Tropfest saved as new sponsor steps in

The Tropfest short film festival will return in February after CGU Insurance stepped in to fill the cash black hole which originally led to its cancellation.

CGU came forward after organiser John Polson cancelled the world’s largest short film festival, which was due to be held in Sydney today, on November 11 citing “terrible financial mismanagement”. It is understood the festival was hundreds of thousands of dollars shy of being able to cover its costs.

Tropfest returning

However Polson has today announced the festival is back on, and will be held on Valentine’s Day, Sunday February 14.

In a statement Polson said: “It’s incredibly encouraging to see that the Australian public and corporate community really want to see Tropfest return.

“As a free, outdoor event, Tropfest makes short film accessible to all. There’s nothing else quite like it and I think that’s what people love.

“Thanks to the support given by CGU Insurance, we’re now able to restore Tropfest for the filmmakers whose work was put on hold, for our fans and of course for the suppliers and partners who all give so much to make the world’s largest short film festival a reality. It’s the comeback story of the decade.”

The Sydney Morning Herald is reporting Polson is continuing to pursue legal proceedings against Tropfest Festival Productions managing director Michael Laverty who handled day-to-day running of the festival.
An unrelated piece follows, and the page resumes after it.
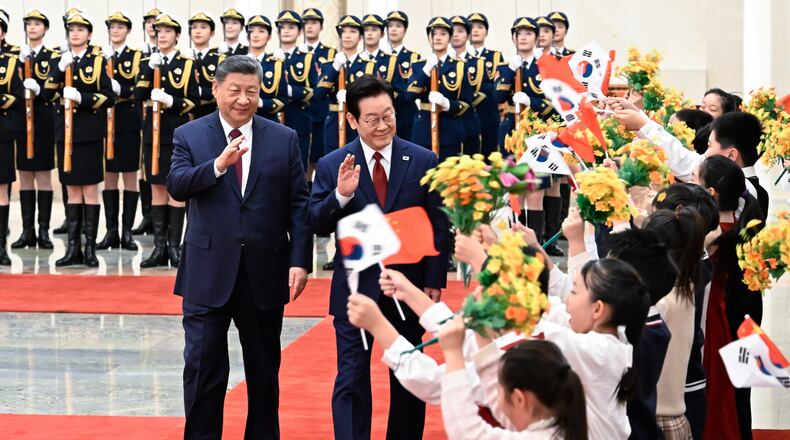 In this photo released by Xinhua News Agency, visiting South Korean President Lee Jae Myung, center, and Chinese President Xi Jinping is welcomed by children waving both countries national flags and flowers after inspecting a guard of honor during a welcoming ceremony at the Great Hall of the People, in Beijing, Monday, Jan. 5, 2026. (Shen Hong/Xinhua via AP)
The original announcement was met with dismay from many film lovers, although some filmmakers were less Tropfest audiencedisappointed.
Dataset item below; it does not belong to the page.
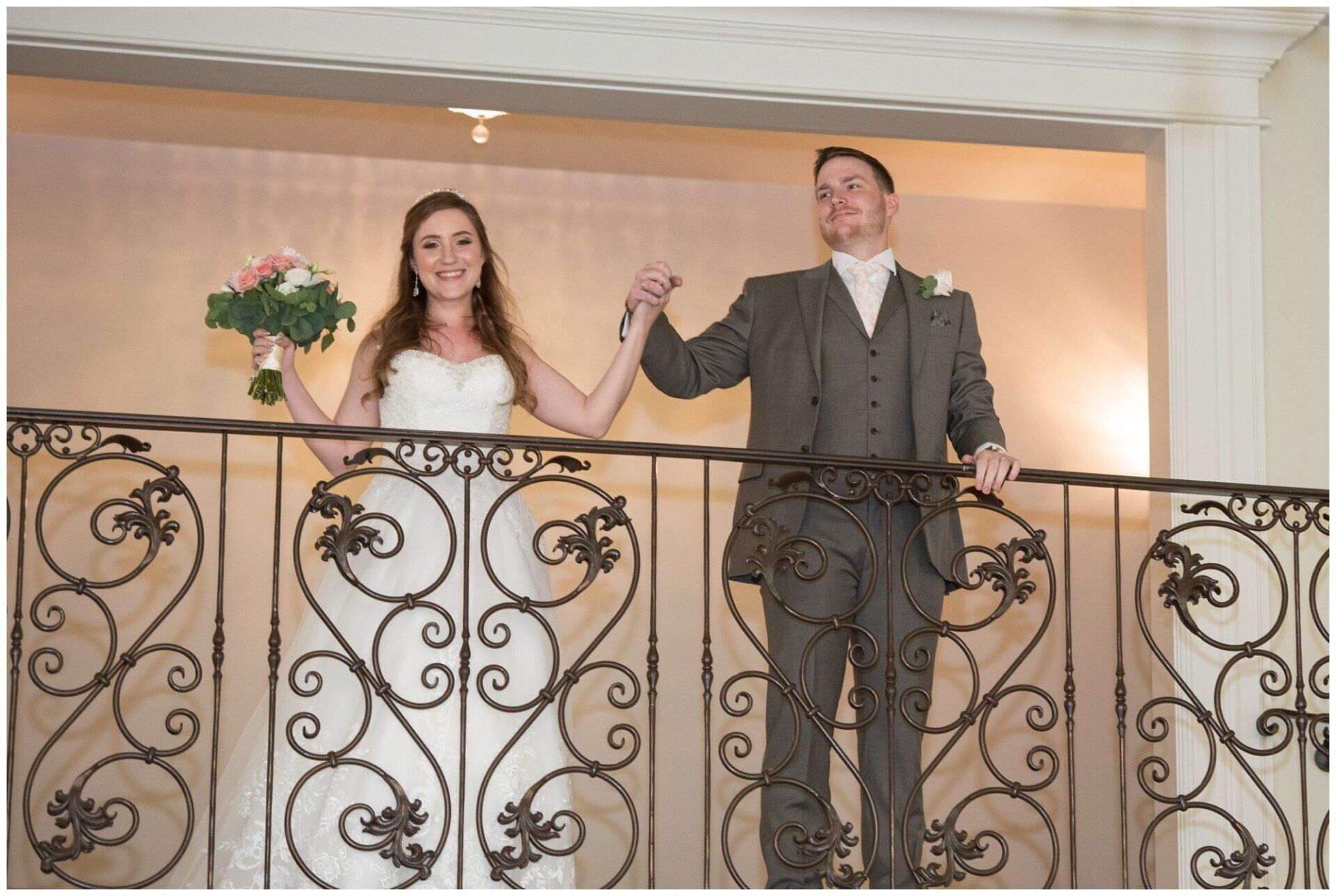 Couple standing on a balcony, holding hands, with a bouquet of flowers nearby.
In an opinion piece for Mumbrella filmmaker Michael Taylor wrote: “Tropfest was known as the festival that required filmmakers to submit unoriginal stories with cheesy dialogue, heavily-inspired low-brow humour and the inclusion of a B or C grade celebrity to be considered for selection.”

The festival  – celebrating short films – began in 1993 as a small event held at Darlinghurst’s Tropicana Cafe and has since been attended by more than 1.6m people and spawned spinoff festivals globally.

Ben Bessell, commercial insurance chief executive for IAG, which owns the CGU business, said: “Tropfest is a great festival, providing unique platforms for talented filmmakers through its events and initiatives, and we are excited to be able to help them get back on their feet,” Mr Bessell said.

“Supporting this fantastic cultural event is about creating a renewed opportunity for Tropfest and all those small businesses associated with the event to continue to thrive and get some business done.”

“It’s also about supporting the wider community who are avid fans of film and entertainment and give them an opportunity to come along and enjoy a free cultural event.”

After the original cancellation many sponsors said they were “disappointed” with the lack of communications from organisers ahead of the cancellation. Seven West Media’s streaming service Presto had offered to showcase the finalists on its platform.

However major sponsors Destination NSW and Screen NSW, Qantas, Nikon, Centennial Parklands, media partners SBS 2, Screen Australia and Nova 96.9 have all come on board for the new date.

SBS 2 will broadcast the festival from 9pm on the night, and all the original finalists will be represented in the competition, while the junior competition for filmmakers under 15 will also go ahead on that day.